* _WHAT NEEDS TO BE DONE_: Leave out the pictures and retype, exactly, the lines below from the line with "6 Barely There" up to and including the line with "V Neck Embroidered", nothing more.

PROVIDED RECORDS START

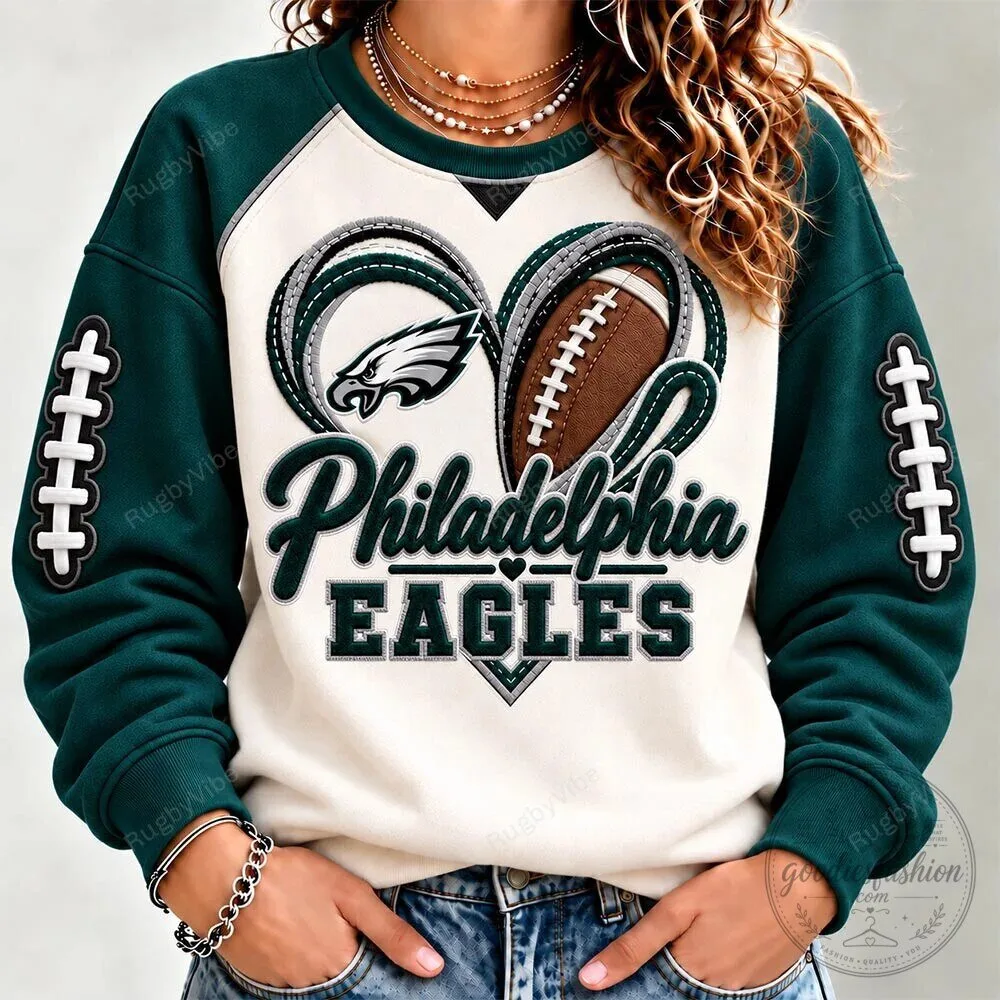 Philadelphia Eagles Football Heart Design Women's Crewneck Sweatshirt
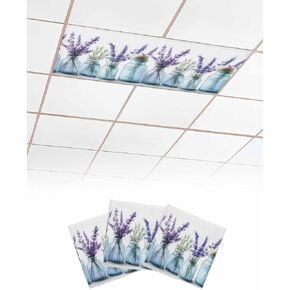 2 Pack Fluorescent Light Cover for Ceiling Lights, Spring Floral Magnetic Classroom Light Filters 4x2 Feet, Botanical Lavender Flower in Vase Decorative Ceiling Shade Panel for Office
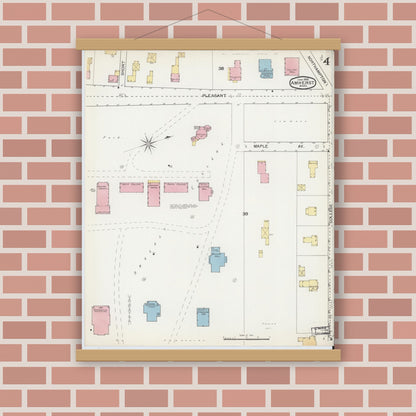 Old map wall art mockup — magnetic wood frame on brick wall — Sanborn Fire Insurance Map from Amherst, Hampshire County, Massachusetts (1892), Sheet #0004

PROVIDED RECORDS END
PROVIDED RECORDS START

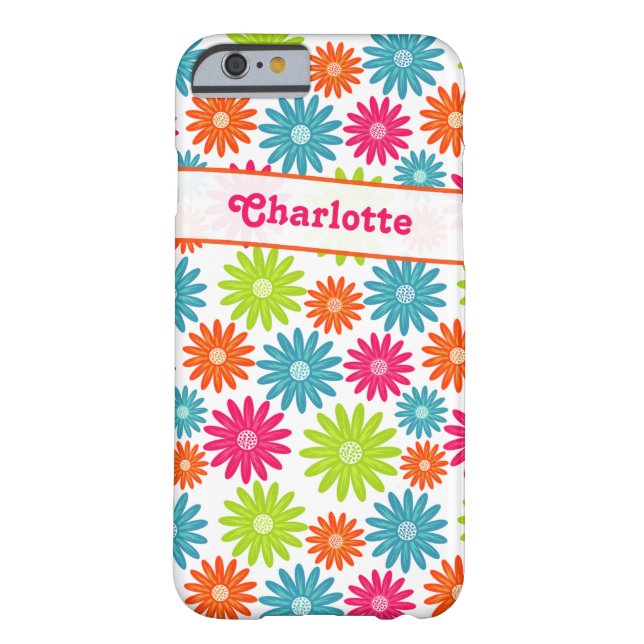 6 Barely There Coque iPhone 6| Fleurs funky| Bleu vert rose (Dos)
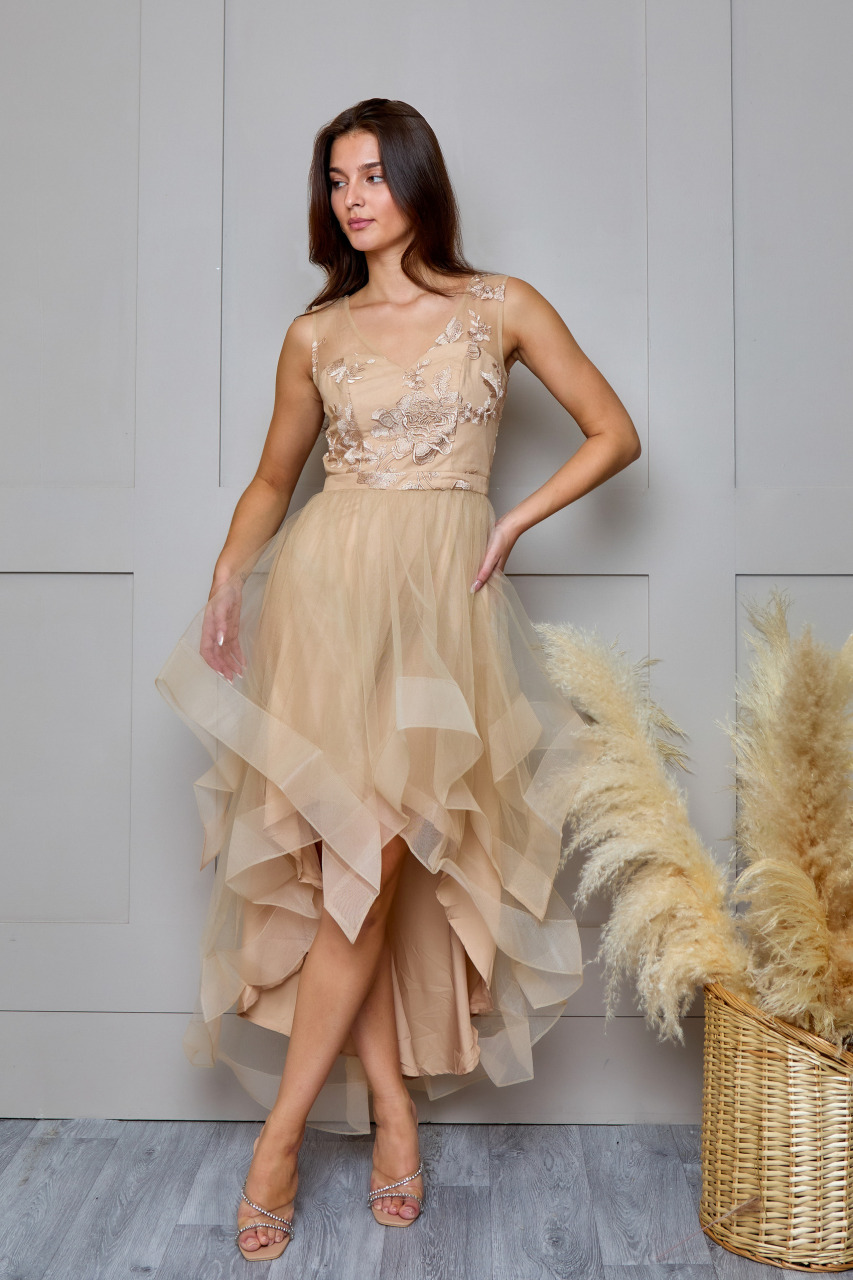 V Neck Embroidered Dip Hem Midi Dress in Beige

PROVIDED RECORDS END

* _ANSWER AREA_:
 6 Barely There Coque iPhone 6| Fleurs funky| Bleu vert rose (Dos)
 V Neck Embroidered Dip Hem Midi Dress in Beige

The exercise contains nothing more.